In an attempt to stop berating myself unnecessarily, I am trying to think of the foods I eat in a more enjoyable way. Who should judge you for eating toast with butter and raspberry jam and a cup of tea for dinner occasionally? I’m finding confidence in spending a week eating pesto pasta with spinach, tomatoes, parmesan and extra olive oil, or porridge with a very heaped tablespoon of crunchy peanut butter and glugs of honey, ‘redeeming yourself’ with blueberries and cinnamon. 

Shop bought, ready prepared stir-fry vegetables, sauce with egg noodles and chicken breast; scolding yourself because you live with a vegetarian. Remembering that you have not made the sauce from scratch and maybe you could have prepared the vegetables yourself... and there’s already a lot of salt in the Chinese inspired sauce but there you go, drenching the finished product in more soy sauce and sipping water for the rest of the evening and thinking: it’s the stir-fry offer deal, who can resist a meal offer?

I’ll make it my aim to stop thinking of every meal as a secret meal that I eat in private...

Then there’s Heinz Cream of Tomato and Basil soup from the can with buttered toast. And dare I mention it, chicken Super Noodles with the radioactive looking remnants lacing the bowl and wondering whether to check the ingredients to try and put yourself off ever eating them again. 

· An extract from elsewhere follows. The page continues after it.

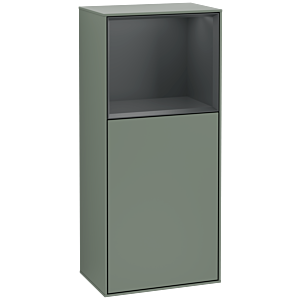 Villeroy and Boch Finion side cabinet F500HGGM 41.8x93.6x27cm, left, shelf above Midnight Blue matt, Olive Matt Lacquer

Fusilli with chilli powder, cayenne pepper, paprika, sour cream and cheddar, lasagna with garlic bread, chilli con carne with cheddar cheese and more sour cream. Full fat hummus with pita chips and the mandatory crudités to once again, make you ‘feel better’ about your choices – does anybody actually eat celery out of preferential choice? Redemption in the form of celery, forgive me for my calorific sins, oh forces of the universe. 

Oh, and Kettle chips of course and Dairy Milk chocolate and Dairy Milk coated Oreo cookies and Haribo Starmix and Starburst as snacks and eating an apple to try and ‘make up’ for it. Who cares.

I know I worry too much what other people think in general, but one day I will realise we all worry too much and ultimately we are so consumed by anxiety over other people’s thoughts of us that we don’t realise they are in the same position, but haven’t actually considered this because of their preoccupation with their own anxiety over what you perhaps think of them! Phew. 

So yes, perhaps I’ll make it my aim to stop thinking of every meal as a secret meal that I eat in private, seared with shame and guilt and instead, simply appreciate it for what it is, a delicious meal or snack, no matter the saturated fat content, that we should share with whoever wants to hear about it. 

Although... do you ever feel as though everybody else is so much better at finding inspiration in their refrigerator, freezer, cupboards and drawers than you are? Maybe we put too much pressure on our meals, maybe I should just read through some of the many cookbooks I possess and follow them in due course but without too much thought, not needing to follow them exactly ingredient to ingredient and measure to measure. I suppose it all comes with good practice, experience and a better relationship with food.